India today asked the World Bank to increase its developmental fund to USD 100 billion a year from the existing USD 50-60 billion and called for enhancing the share and voice of developing nations in the management of institutions providing assistance under it.
The World Bank provides developmental assistance through International Bank for Reconstruction and Development (IBRD), the International Development Association (IDA) and the International Finance Corporation (IFC).
“These three institutions provide approximately USD 50-60 billion per annum in concessional, non-concessional and private sector resources,” Finance Minister Arun Jaitley said in his address to the Development Committee of the World Bank.
“Within next five years, we should work to raise annual financing volumes from the World Bank Group to USD 100 billion a year,” said Jaitley, who is here to attend the annual Spring Meeting of the International Monetary Fund and the World Bank.
“This would be a kind of minimum contribution from the Bank Group for the developing countries, in their task of bringing about development and finance reconstruction,” he said.
Observing that the World Bank is highly capital constrained, Jaitley said the IFC has no space to invest today even at low level volumes it has been doing for some years.
IBRD would not be able to maintain lending levels of even USD 20 billion per annum in two years’ time, he said.
To better reflect the increasing weight of Developing and Transition Countries (DTCs), their share and voice in the management of these institutions also needs to grow, Jaitley asserted.
“We should therefore plan to have a Selective Capital Increase (SCI) to raise Developing and Transition Countries (DTCs’) voting share to 50 per cent and a large general capital increase in IBRD and IFC for being able to finance USD 100 billion per annum going forward,” he said.
Jaitley stressed that the time has come for raising partnership of DTCs in the IBRD and IFC to 50 per cent.
This would require that the economic weight captured by GDP remain the primary factor in the formula, with share of purchasing power parity (PPP) based GDP of not less than 60 per cent.
IDA has enormously useful role in financing development in low income countries, but recognising IDA contributions in IBRD/IFC share capital has adverse impact on voting share of developing countries, he observed.
Therefore, it would be more than fair if a weight of not more than 10 per cent is given to IDA contributions in the dynamic formula, Jaitley said.
Such a weight should also recognise only recent contributions to act as rightful incentive for the emerging countries to contribute in IDA and should also recognise a multiplier based on burden share and generosity, he added.
“The formulation we have suggested is equitable, and recognises all contributions equally in accordance with capacity of each donor.

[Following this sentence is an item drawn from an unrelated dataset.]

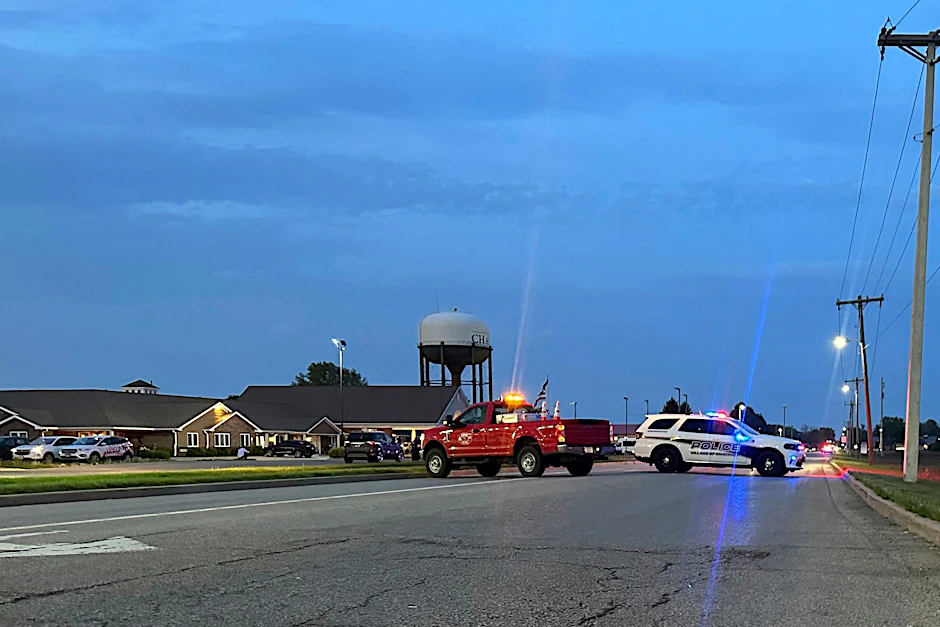 In Chatham, Illinois: Rettungsfahrzeuge blockieren eine Straße, die zu einem Schulgebäude führt, in das ein Auto gefahren wurde. Mehrere Menschen wurden dabei getötet und weitere verletzt.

We must also not lose sight of the fact that while there may be losers or gainers today, our collective negotiating power must be deployed to ensure a fair formula rather than to minimise losses and maximise gains in the current round,” Jaitley said.
“Once we have a fair formula, future shareholdings will automatically reflect the relative economic positions of the country in the interest of all shareholders,” he said.